▶ _Data listing_:
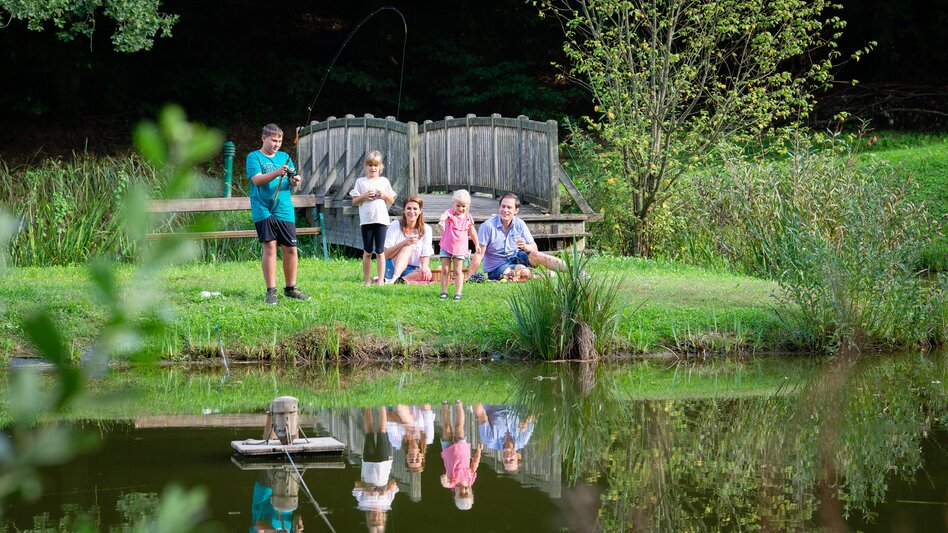 Familie mit Kindern bei einem Naturteich in Unterlamm, umgeben von Wiesen und viel Grün im Thermen- & Vulkanland.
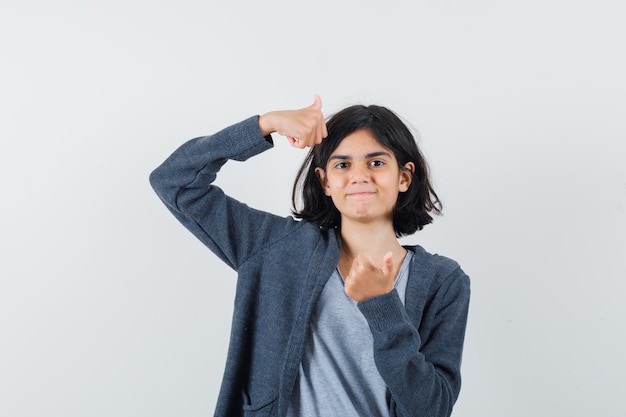 Little girl showing double thumbs up in t-shirt, jacket and looking confident. front view.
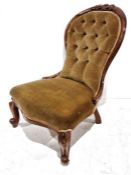 Victorian nursing chair with mahogany frame, mustard upholstered seat and back, on cabriole front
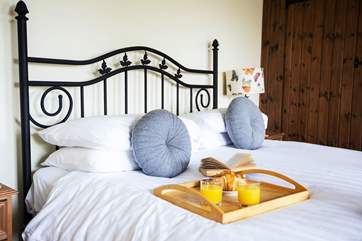 Bedroom 1 offers a place to recharge.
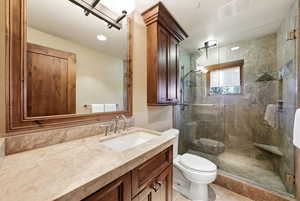 Bathroom featuring vanity and a shower stall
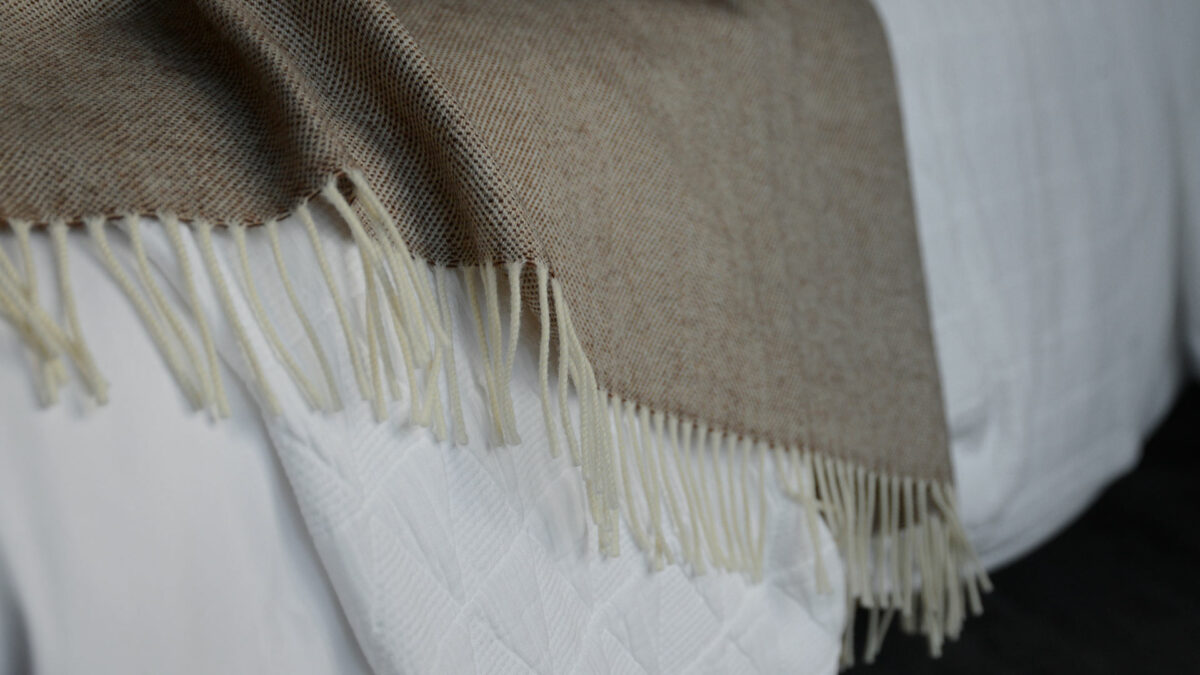 brown and ivory tiny spot throw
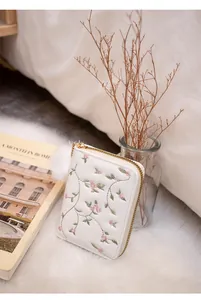 Detailed embroidery of pink flowers and soft pom-pom charm on a cream mini wallet
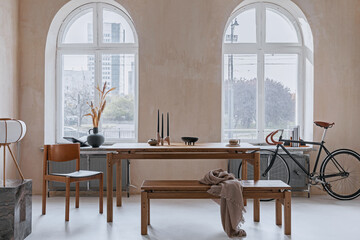 Creative composition of dining room interior design with wooden family table, armchair, bike and...
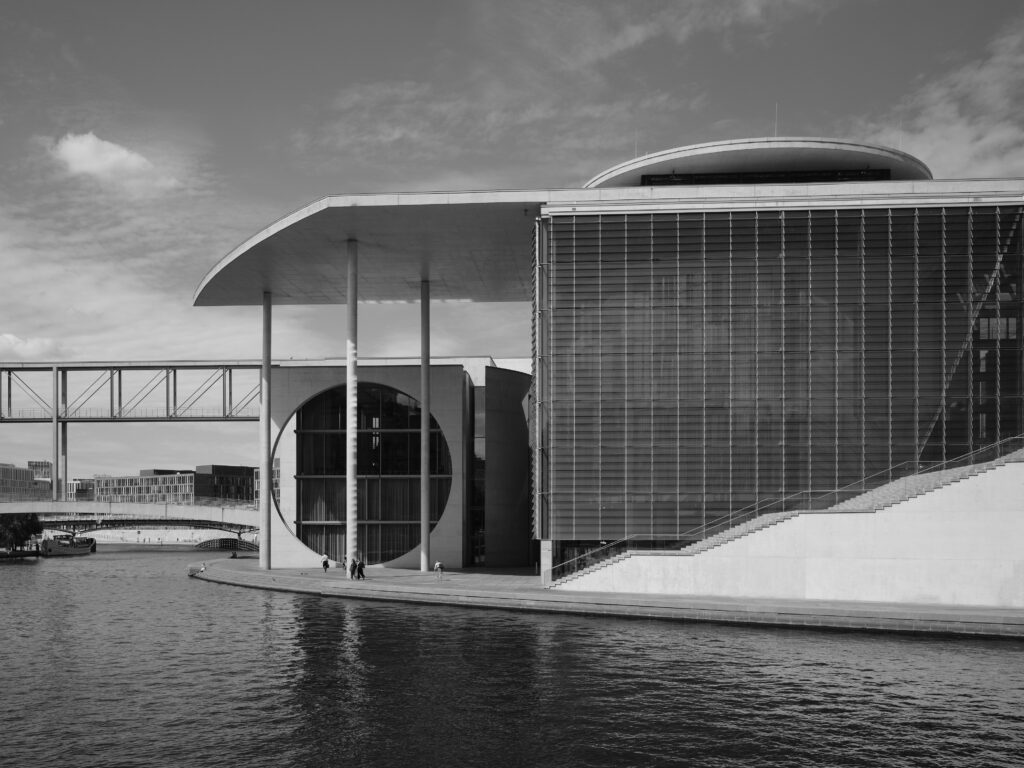 Black-and-white photograph of modern architecture along a riverbank: a large building with round and rectangular shapes, columns, and an overhanging roof structure. Stairs leading down to the water’s edge, a walkway in the background, and people walking along the promenade. Reflections in the water and a cloudy sky.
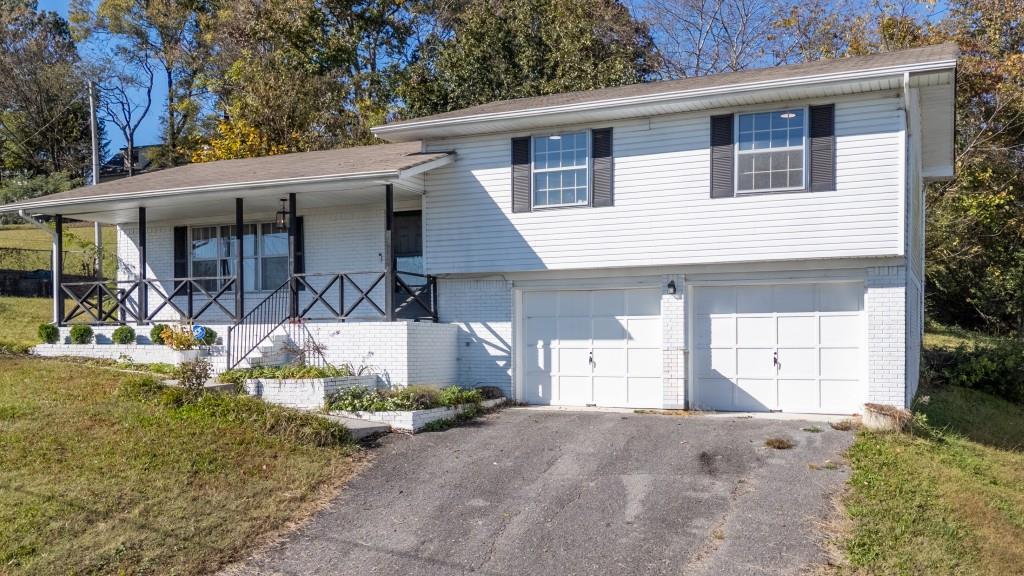 1717 East Rebel Road Rossville, GA 30741 - Photo 4 of 36 a front view of a house with garden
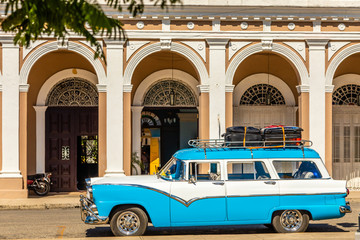 Old blue and white retro car in the center of cuban city Cienfuegos, Cuba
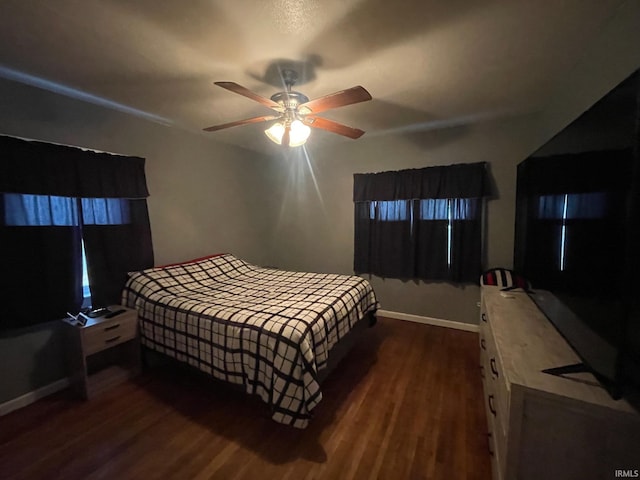 bedroom with ceiling fan and dark hardwood / wood-style flooring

▶ _Work instructions_:
Reproduce exactly, with nothing added, the lines from the line with "brown and ivory tiny spot throw" through the end of the entries above; pictures are to be left out.

▶ _Output_:
 brown and ivory tiny spot throw
 Detailed embroidery of pink flowers and soft pom-pom charm on a cream mini wallet
 Creative composition of dining room interior design with wooden family table, armchair, bike and...
 Black-and-white photograph of modern architecture along a riverbank: a large building with round and rectangular shapes, columns, and an overhanging roof structure. Stairs leading down to the water’s edge, a walkway in the background, and people walking along the promenade. Reflections in the water and a cloudy sky.
 1717 East Rebel Road Rossville, GA 30741 - Photo 4 of 36 a front view of a house with garden
 Old blue and white retro car in the center of cuban city Cienfuegos, Cuba
 bedroom with ceiling fan and dark hardwood / wood-style flooring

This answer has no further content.